Drywall finishing work is a lot like modeling. You spend a lot of time waiting for things to dry.
Where the closet wall came out there is a lot of variation at the joints where the old closet wall meets the old room wall. On one side the door frame occupies much of that joint, so the variation is not as pronounced. Just above the door is worse, but not really so bad.
On the other side of the room, however, the surface of the room wall stands about a quarter inch proud of the surface of the closet wall. To make things worse, the drywall on the room side is crumbling along that edge, so it isn't firm against the wall studs in that joint area.

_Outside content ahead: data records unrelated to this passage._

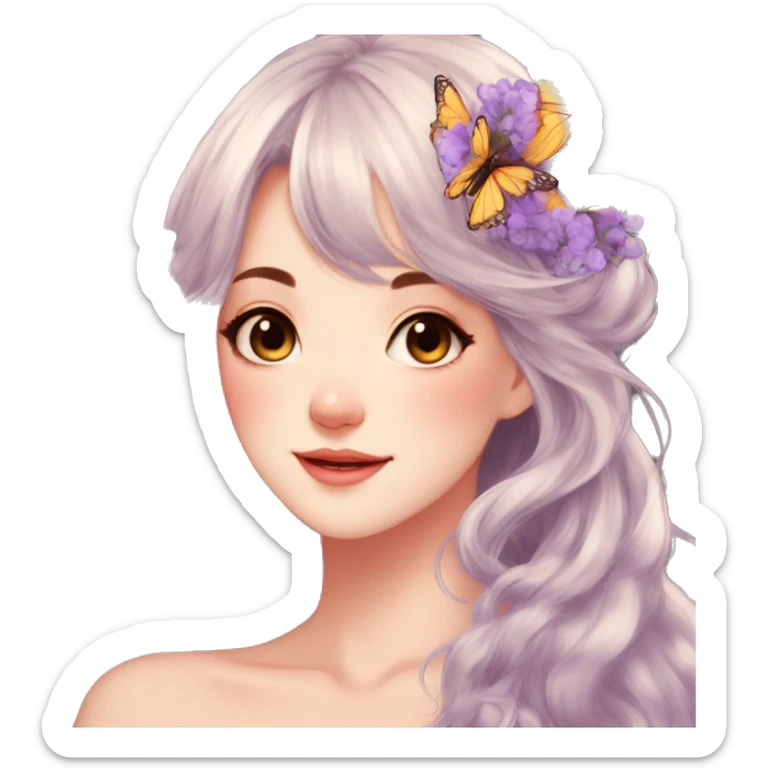 gorgeous anime lady with butterflies and beautiful hair fairycore cottagecore sticker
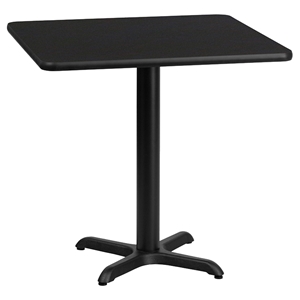 24" Square Dining Table - Black Top, Pedestal Base 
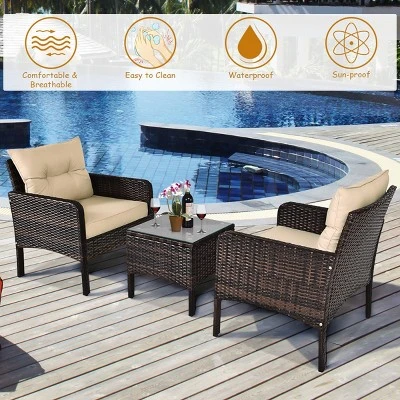 Costway 3PCS Patio Rattan Conversation Set Cushioned Sofa Chair For Garden 6 Costway 3PCS Patio Rattan Conversation Set Cushioned Sofa Chair For Garden - Image 4
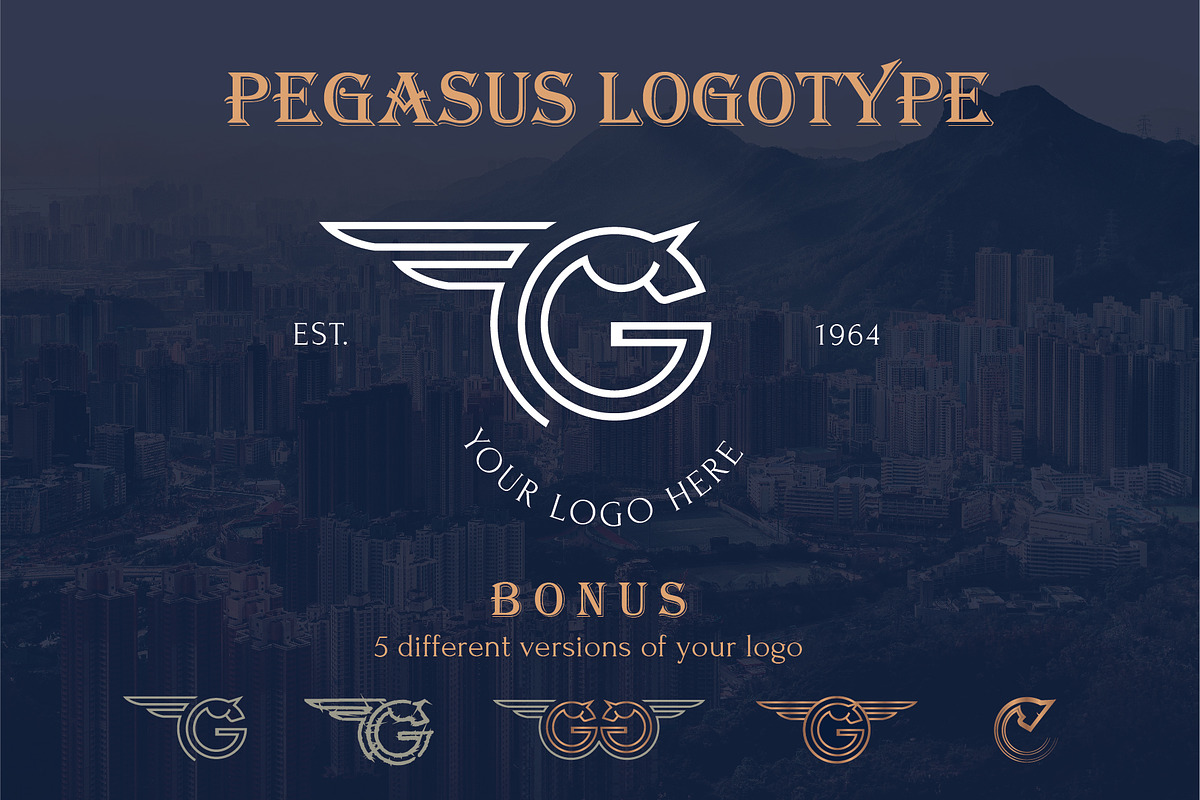 G Pegasus Logotype + BONUS, a Branding & Logo Template by Alexandra De Angelis (Photo 1 of 10)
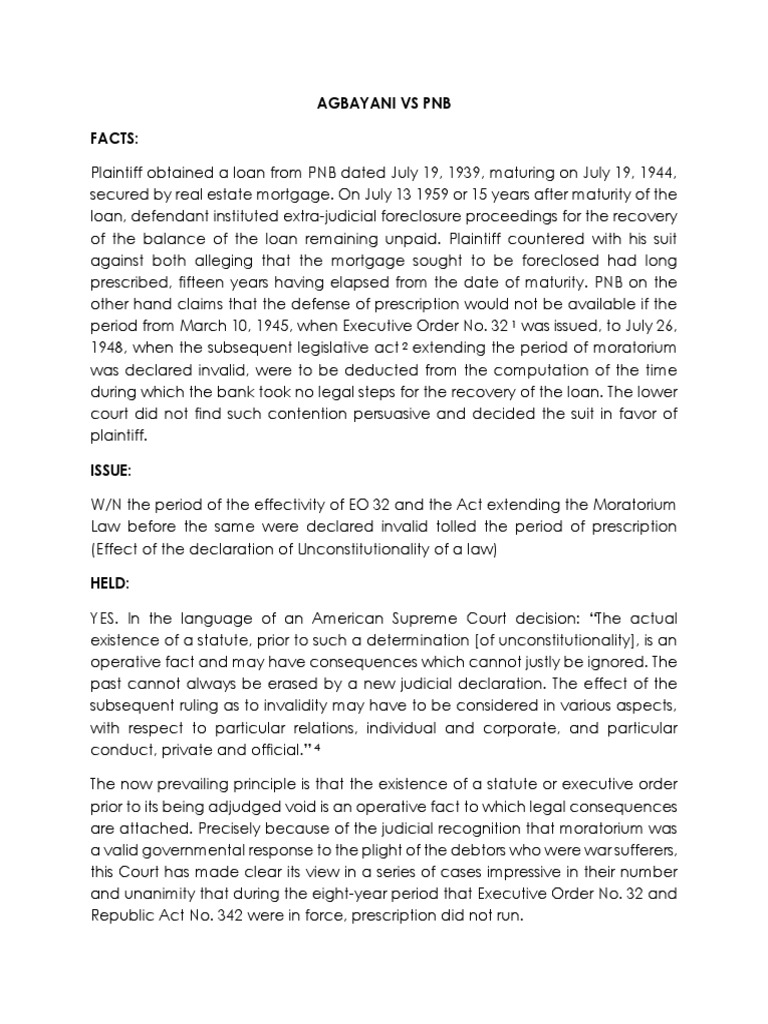 Agbayani Vs PNB Digest PDF Foreclosure Statute Of Limitations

To remedy (but not really correct) it I am sanding the room wall down into the plaster about an eighth of an inch at the edge, feathering out six inches or so. I will then build the closet wall out about an eighth with drywall mud to match the sanded surface, feathering that out six inches or so as well. When I am done I should have a 12 inch surface, six inches on each side of the seam, that gently transitions from one surface to the other.
The wall will never be straight all the way from corner to corner, so my goal is to simply smooth the transition and then I can disguise it with benchwork and scenery. In order to get it done, however, I am having to drive or pull nails and sand about 2 vertical feet of the wall at a time along the seam and then fill with drywall mud. Because the mud is so thick it takes a long time to dry. I will then have to sand that down, fill in the low spots, let that dry, sand it smooth again, and repeat as necessary to get that smooth transition.
I expect this will take a few weeks on the days that I am not working. Fortunately there is still much to do while the wall dries, so that time is not lost completely. Perhaps by this fall I will have the room walls finished enough to paint, then I can start building the layout.
If it was easy everyone would do it.